El desinterés particular por el Hermitage podría insertarse en el desinterés general de los comunes por la cultura: llevamos dos mandatos y no me consta ningún proyecto cultural dotado de una cierta ambición. Los museos, empezando por el MACBA, al que se le hizo la puñeta todo lo posible cuando el episodio del CAP del Raval, parecen ser considerados por los comunes unas instalaciones elitistas, unos salones para pijos. No es de extrañar cuando la jefa es capaz de confundir al almirante Cervera con un militar franquista a la hora de quitarle la calle para dársela a un cómico que tenía la gracia en el culo. Pero lo del Hermitage va más allá del asco generalizado hacia la cultura, parece algo personal, un tema en el que a nuestra Ada le vaya la vida o, por lo menos, su visión del mundo.

Yo no sé si la delegación del Hermitage en Barcelona sería un gran museo (o receptáculo de lienzos y estatuas, ¡ilumíneme, oh, preclaro Subirats!), pero su principal inspirador, Jorge Wagensberg, que en paz descanse, era, además de un tipo encantador, un científico solvente y un gran aficionado al arte.
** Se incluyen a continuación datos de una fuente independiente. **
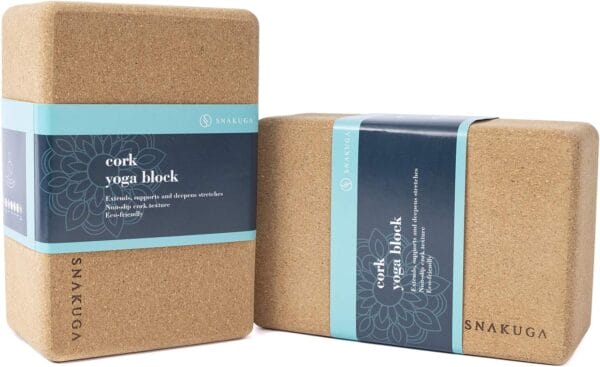 SNAKUGA Cork Yoga Block 2 Pack for Pilates, 4'' or 3'' Non-Slip & High Density Blocks for Meditation, Fitness and Stretching, Supportive and Flexibility Brick for Improve Poses Balance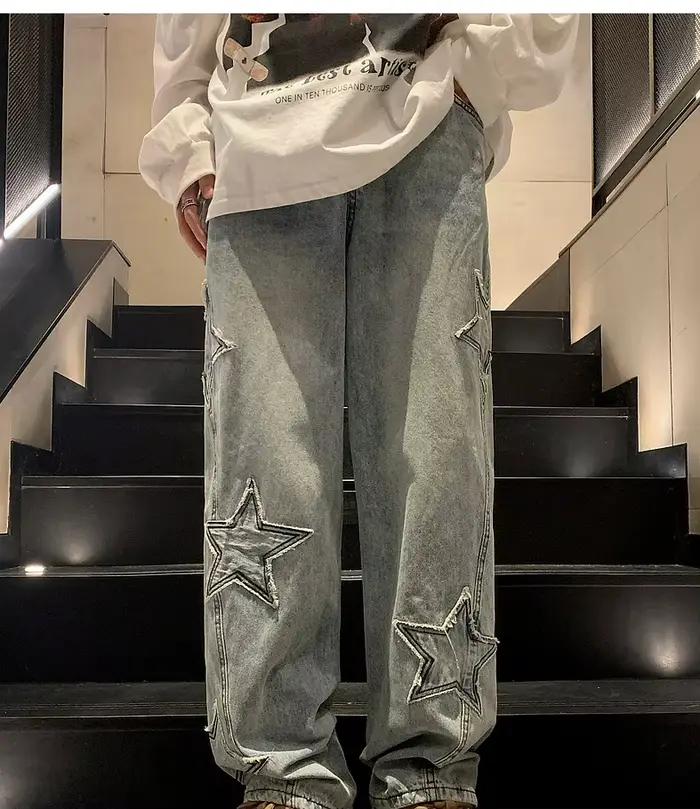 Nouvelle mode étoile à cinq branches jean hommes taille haute Vintage Streetwear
Si me dieran a elegir entre el criterio de la alcaldesa y el del difunto, no tengo duda alguna de que me inclinaría por el segundo. Pero reconozco que lo que más me intriga en estos momentos es esa obsesión de la señora Colau por evitar como sea la implantación en Barcelona de esa delegación del Hermitage por la que, por cierto, ya se están interesando en Madrid: ahí hay algo que requiere las explicaciones de un psiquiatra, pues el tema va más allá de la ignorancia, la prepotencia, la ineptitud y la incompetencia habituales en nuestra alcaldesa y a las que, a la fuerza ahorcan, ya nos hemos acostumbrado todos.